1 Reconceiving the rule of law for a globalizing world

Charles Sampford

Introduction

Strong sovereign nation states emerged in seventeenth century Europe, sweeping aside the previous untidy patchwork of feudal cities, principalities, and empires that, together with guilds and the church, had governed European life for a millennium. After the Treaty of Westphalia ended the Thirty Years War in 1648, ‘[a]n international structure composed of a hierarchy of emperor, kings, princes, and cities was replaced with one composed of many formally-independent and formally-equal states’.1 The nation-state was welcomed as a solution to the chaos that had followed the break-up of the mediaeval order when religious and trade schisms (or religious schisms and trade) had overflowed across traditional boundaries and submerged them.2 Although these nation states were highly authoritarian, their theoretical champions – writers like Jean Bodin, Jean-Jacques Burlamaqui, Thomas Hobbes, and Samuel Pufendorf- applauded and justified them for that very reason.

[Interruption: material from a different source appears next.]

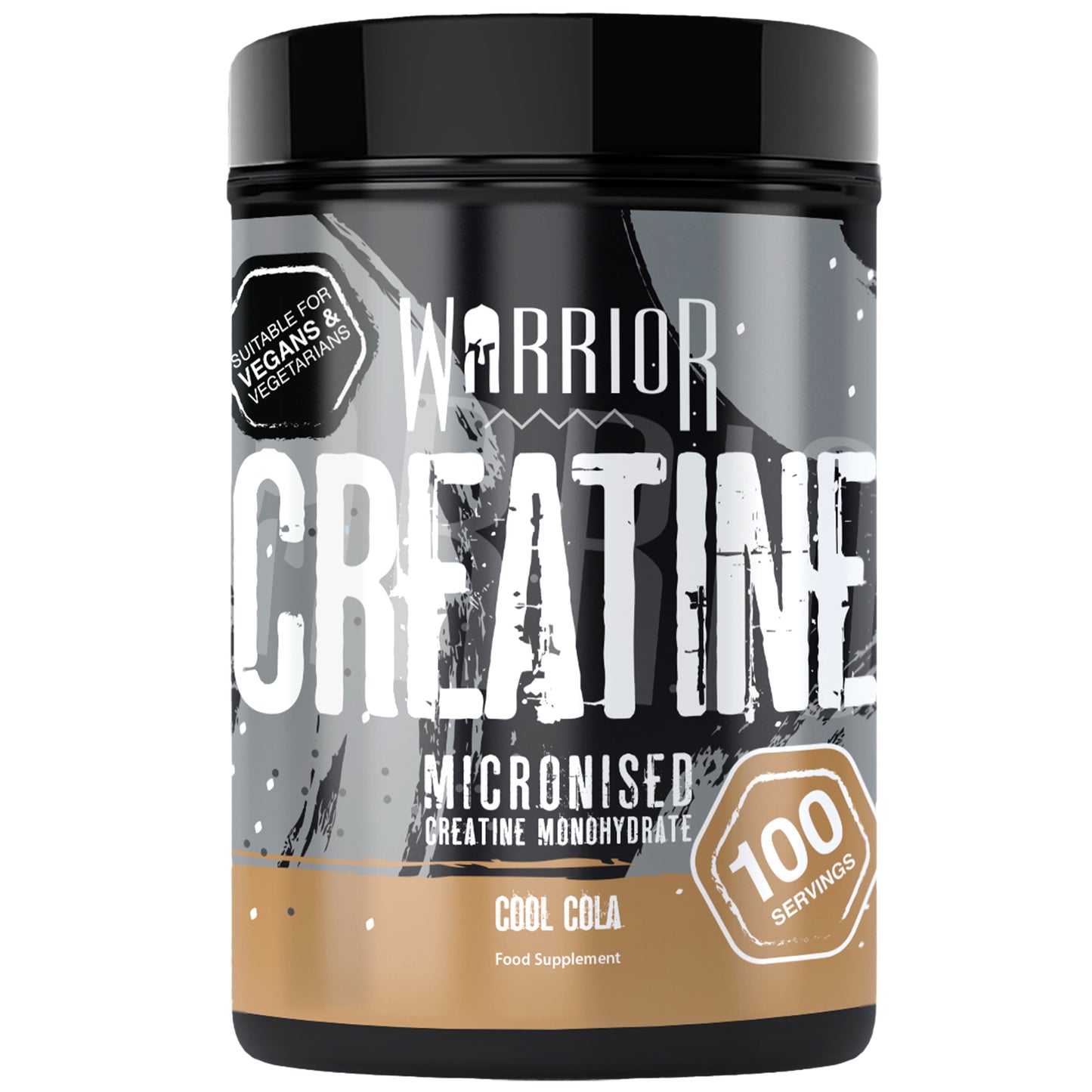 Warrior Creatine Monohydrate Powder - 300g & 500g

When life was ‘poor, nasty, brutish, and short’ 3 due to civil war, banditry or religious zealotry, a rational man [sic] would happily choose to submit without complaint to a government strong enough to keep the peace by whatever means necessary. Modest and minimalist as it was, the Westphalian bargain was observed within Europe – both ‘horizontally’ among different nations’ governments and ‘vertically’ between each government and its citizens – for almost three centuries.4
Once life and civil peace were secure, citizens began to expect more from their states. The eighteenth-century North Atlantic Enlightenment5 sought to civilize these authoritarian states by holding them to a set of more refined and ambitious values – notably liberty, equality, citizenship, human rights, democracy and the rule of law. These values were necessary, not for bare survival, but for comfortable, civilized, and dignified existence.6 Nineteenth-century thinkers extended the range of rights championed, for example, adding concern for environment and for practical and social equality. By the mid-twentieth century, disputes had moved on to the interpretation and ranking of those rights – especially between civil and political rights and social and economic rights.
Ideals are not self-implementing, especially ideals that aim for a better society. They require institutions to realize them. If the font of new ideas was located in the Atlantic nations of Scotland and France, the centre of gravity for institutional innovation was the eastern seaboard of the United States. Initially, the early European philosophers – apart from a few who wanted to copy English constitutionalism – simply proposed institutions modelled on the monarchical states most familiar to them.7 Enlightened despotism, of course, requires a despot, so philosophers like Voltaire and Diderot pinned their hopes in turn on Frederick the Great in Prussia, then Peter and Catherine the Great in Russia, and finally Napoleon in France. But these despots and their institutions, too, eventually dissolved into chaos and violence.8
While superficially the US Constitution may seem simply to have ‘frozen’ key elements of the 1776-87 British constitution9 (as famously misdescribed by Montesquieu),10 its most distinctive features – federalism, a constitutionally entrenched court, a states’ upper house, legislative ratification of treaties, and various other ‘checks and balances’ – were important innovations, and have often been copied. It was only in the nineteenth century that Europe began generating institutional innovations of its own: responsible parliamentary government, the welfare state, and accountability mechanisms such as the administrative tribunal and the ombudsman.
However, a series of recent trends, popularly labelled ‘globalization’, have challenged these values, primarily by challenging the power of nation state institutions which are currently the only feasible means for upholding these values. I eschew the two most common responses – (1) abandoning whatever values cannot be realized by global or transnational institutions, (2) clinging to the nation-state as the only possible way of preserving these values. Rather, I advocate a third way, namely reconceiving liberal democratic values, and reinstitutionalizing them for a global world, calls for nothing less than a new enlightenment. Such a global enlightenment should aim to civilize the increasingly harsh global economy, just as the eighteenth-century enlightenment began the process of civilizing the absolutist post-Westphalian states. Of all these values, the rule of law is primary.11
So what exactly does the rule of law require within, and among, sovereign states? What are its implications, foreign and domestic? Most writers today agree that the rule of law can be defined widely or narrowly, depending on how many liberal-democratic values are read into the concept. Certainly there are difficulties in applying it to a wider sphere than the nation-state. Indeed, many argue that, therefore, the rule of law cannot meaningfully exist in the international arena, where there is no ‘common sovereign power’. But these objections are, at most, only arguments for modifying the concept. Almost all the reasons why we value the domestic rule of law are also reasons for working towards an international rule of law.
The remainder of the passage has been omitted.